これは簡単にいうと、あなたが会社に対して「辞めさせてください」と正式に伝えた場合、
その日から2週間が経過したら、
会社側が認めようが認めまいが自動的に退職が成立するというルールです。
なので、退職代行に相談してその日のうちに退職を会社側に伝えてもらえば、
その日から2週間後に自動的かつ強制的に退職手続きを完了することができます。
退職を申し出てから2週間経たないと辞められない?
ここまで読むと「2週間経たないと退職が成立しないなら、即日退職ではないのでは…?」と思われた方も多いでしょう。
理屈だけで考えるとその通りですが、
実際にはこの2週間は「欠勤」というかたちをとれば出社することなく退職日を迎えることが可能です。
会社側としては社員(あなた)が体調不良で欠勤を申し出た場合、無理に出社させる方法はありません。
(自宅に乗り込んできて車に放り込んで…みたいなことはちょっと考えにくいでしょう)
もちろん、休んだ分は給料が減るのは避けられません。
しかし、どうしても出社したくないなら病気欠勤をしてしまえば、会社としてはあなたを無理やり出社させる方法はないのです。
有給休暇が残っているなら2週間で消化してしまおう
会社に6ヶ月以上在籍している人は、
有給休暇を取得できるのが法律上のルールです。
なので、上で説明した「退職を申し出てから2週間」の期間中に、有給休暇を可能な限り消化するようにしましょう。
会社側としては「そんなのは認めない」と、
給料から休んだ分の賃金を天引きしてくるなどが考えられますが、これはまったく違法なやり方です。
有給休暇はどのような理由であっても利用できます。
利用にあたって会社側が理由をたずねたり、拒否したりすること自体が法律上は認められません。
問題は「会社と自力で交渉」ができるか?
ここまでは退職についての法律のルールを説明しました。
法律は、労働者側にかなり有利なかたちになっていることがご理解いただけたかと思います。

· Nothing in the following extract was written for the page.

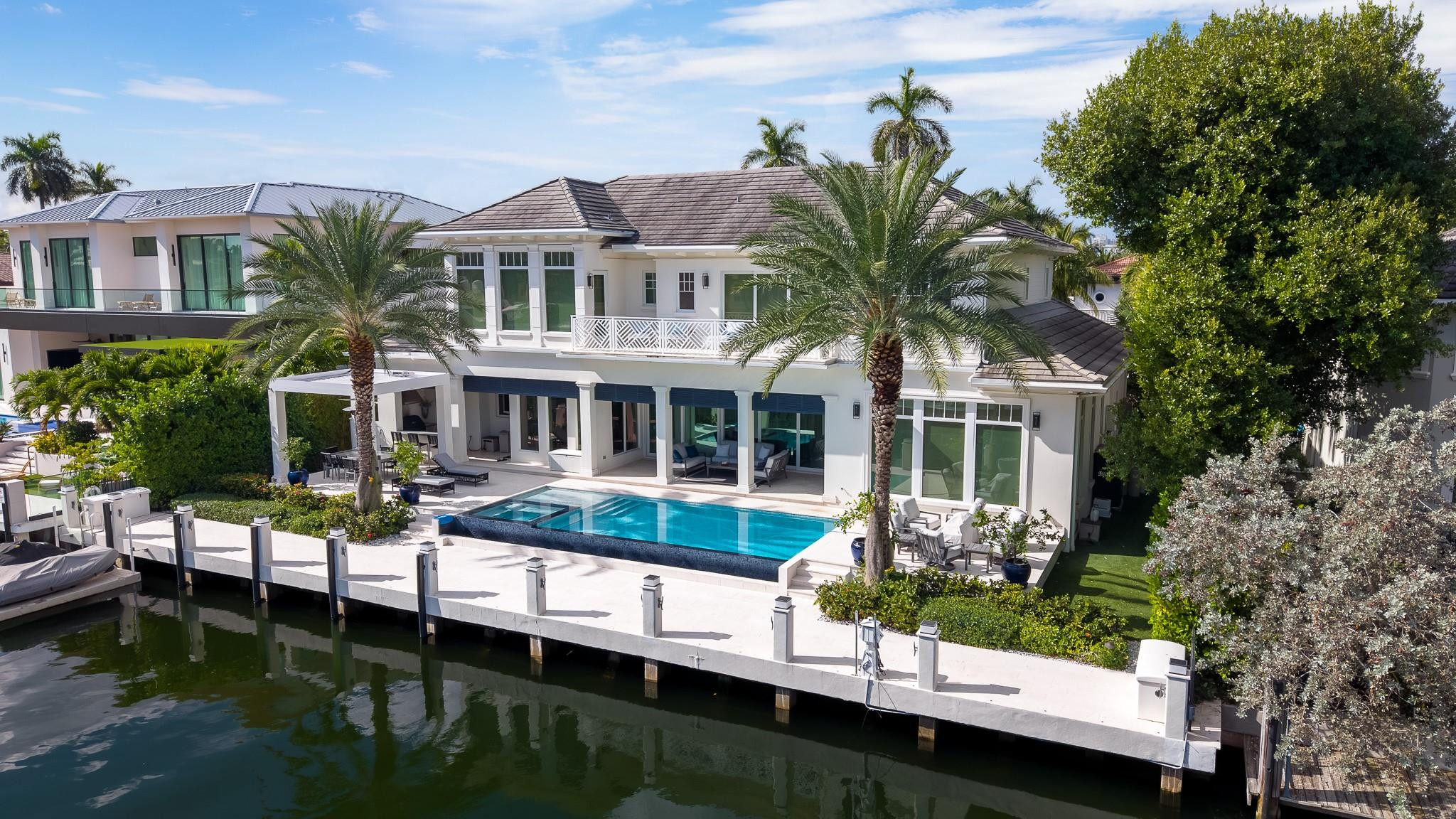 400 Coral Way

しかし、問題は「会社側と交渉が、はたして自力でできるのか?」です。
退職代行の利用を検討する人の場合、
勤務先の会社がかなりブラックな体質であることも少なくありません。
あなたが上で見たような法律のルールをきちんと説明したとしても、
「だから何?」みたいな対応をとってくる可能性もあるでしょう。
退職代行を使うメリットはここにあります。
退職代行を使う場合、あなた自身は会社とやりとりをいっさいする必要がありません。
退職代行会社がすべて書類で法律上のルールに従って処理をしてくれますので、
勤務先から嫌がらせや引き止めを受けるリスクをゼロにできます。
会社から電話連絡がかかってきても無視して問題ありません。
退職代行業者から「代行業者を介して連絡するように」と会社側に伝えてもらえます。
有給休暇の消化や、未払いになっているサービス残業代の請求等も請け負ってくれる退職代行業者もあります。

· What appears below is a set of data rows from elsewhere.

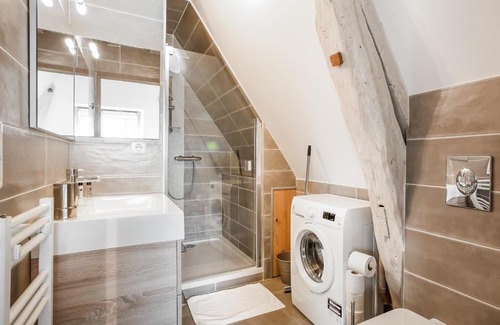 Tours Apartment | Résidence de Tourisme Central Parc Tours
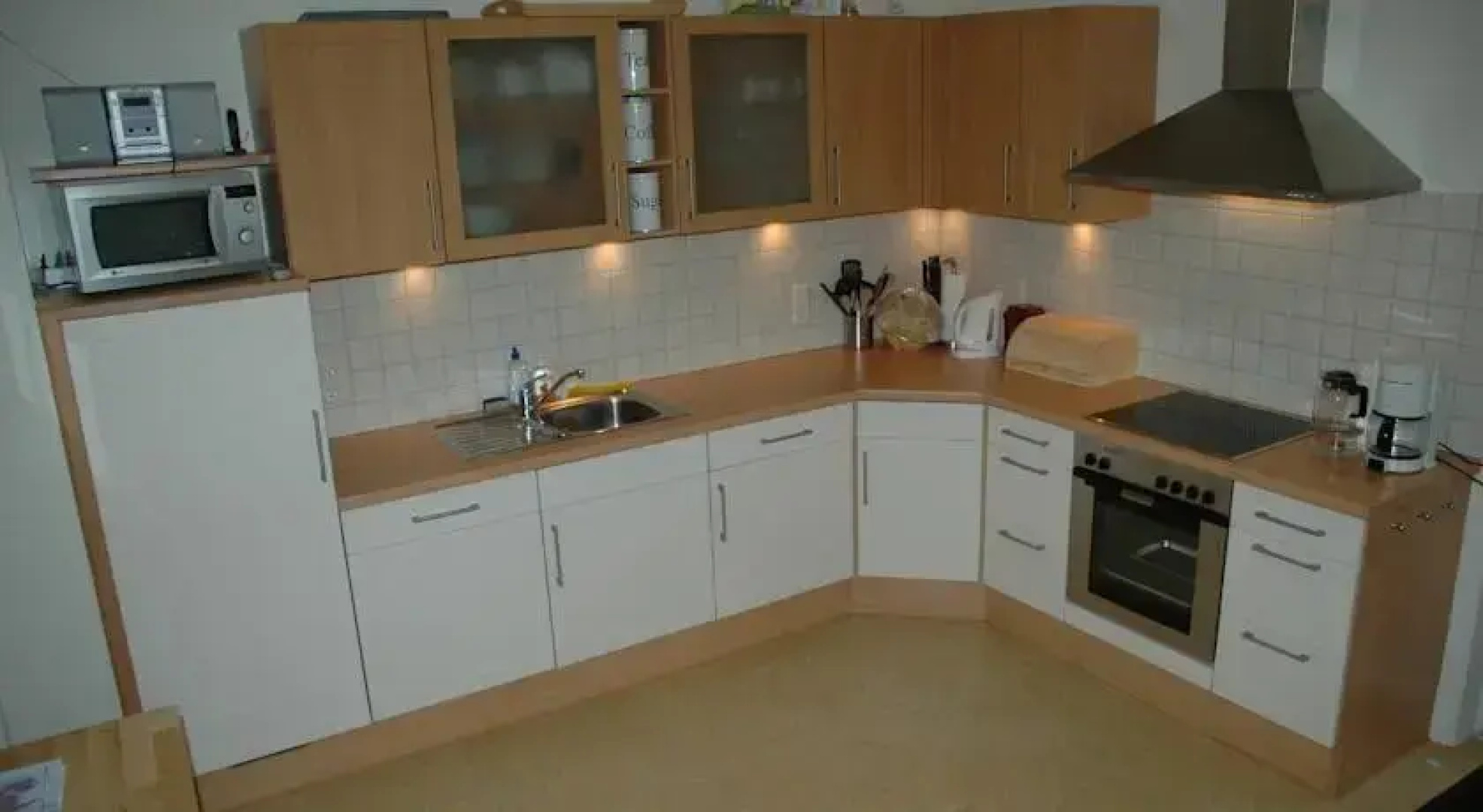 Haus am Sorpe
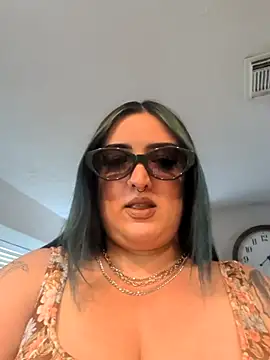 Snapshot of ImKatMeow chatting on April 2026 04:26:01 PM ImKatMeow online show from April 2026 04:26:01 PM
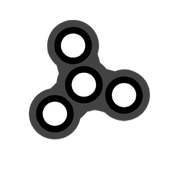 Fidget Spinner Simulator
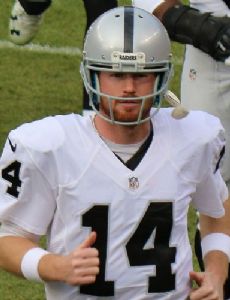 Matt McGloin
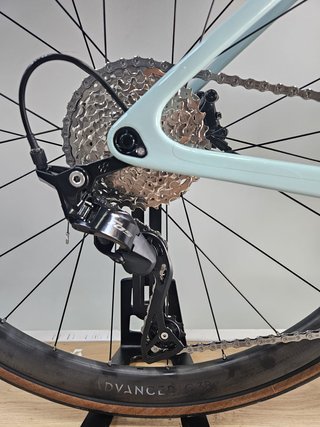 CUBE ATTAIN C:62 RACE 2027 (TALLA 50)
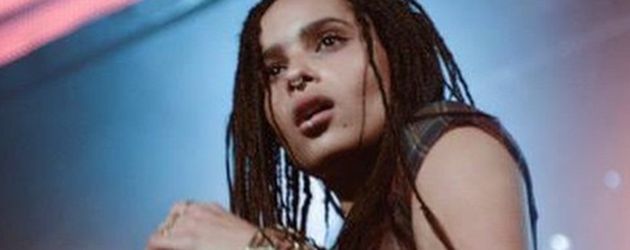 Zoe Kravitz Zoe Kravitz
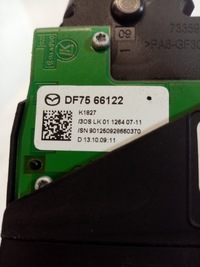 фото thumb №2, Перемикач комбінований mazda 2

どこまでの範囲まで交渉代行してくれるか?は退職代行業者によって異なるので注意が必要ですが、
会社側が強硬な態度をとってくることが予想される場合や、
自力で上司や人事部と交渉するストレスを避けたい方は、
退職代行業者の利用を検討してみるのが良いでしょう。
即日退職までの流れ
例えば、今日退職したいと思い、退職代行に相談したと仮定しましょう。
その場合、退職代行の担当者は今日中に会社に連絡し、退職の連絡を行います。
そして、有給が残っているのであれば、有給を全て消化しきってから退職を迎えることになります。
退職代行で「即日退職」が可能な理由
即日退職が可能な仕組みについては、即日で退職する場合、当日の勤務を欠勤または有給を消化するからです。
後述でもしますが、即日退職は法律上認められておらず、トラブルが発生するかもしれません。
しかし、退職代行を利用することで、当日は欠勤または有給を消化することになります。
そして、欠勤扱いとなった翌日に退職、有給がまだ残っている場合は、有給を全て消化した日を退職日にすることが可能になるという仕組みなんですね。
そのため、退職代行を利用することで基本的には即日退職で当日のうちに退職が可能となっています。
「2週間ルール」とは?
退職には2週間ルールが設けられています。
2週間ルールとは、民法第627条に定められている条件のことです。
内容については、「無期限雇用(正社員)の場合、雇用は解約(退職)の申し入れの日から2週間を経過することによって終了する」と定められています。
そのため、通常通り上司に退職を申し出て退職する場合は、最短で2週間後に退職できるという仕組みになっているのです。
社内規則が「1ヶ月前に退職を伝えること」になっている場合は?
会社によっては社内規則で退職する場合は1ヶ月や3ヶ月前に申し出ることが条件という会社もあります。
ですが、この社内規則を絶対に守らないといけないわけではありません。
その理由は、社内規則は社内だけの規則であって、法律には関係ないからです。
2週間ルールは法律によって定められていますが、社内規則はあくまでも社内だけの規則です。
2週間前に退職を申し出て、2週間経過すると退職可能なので、守る必要はありません。
ですが、引き止めやモラハラなどを受ける可能性が高いので、退職代行を利用した方がスムーズに退職できます。
即日退職と即日対応の違いは?
退職代行を利用することで即日退職ができるといわれていますが、実は退職代行は「即日退職」ではなく、「即日対応」なんです。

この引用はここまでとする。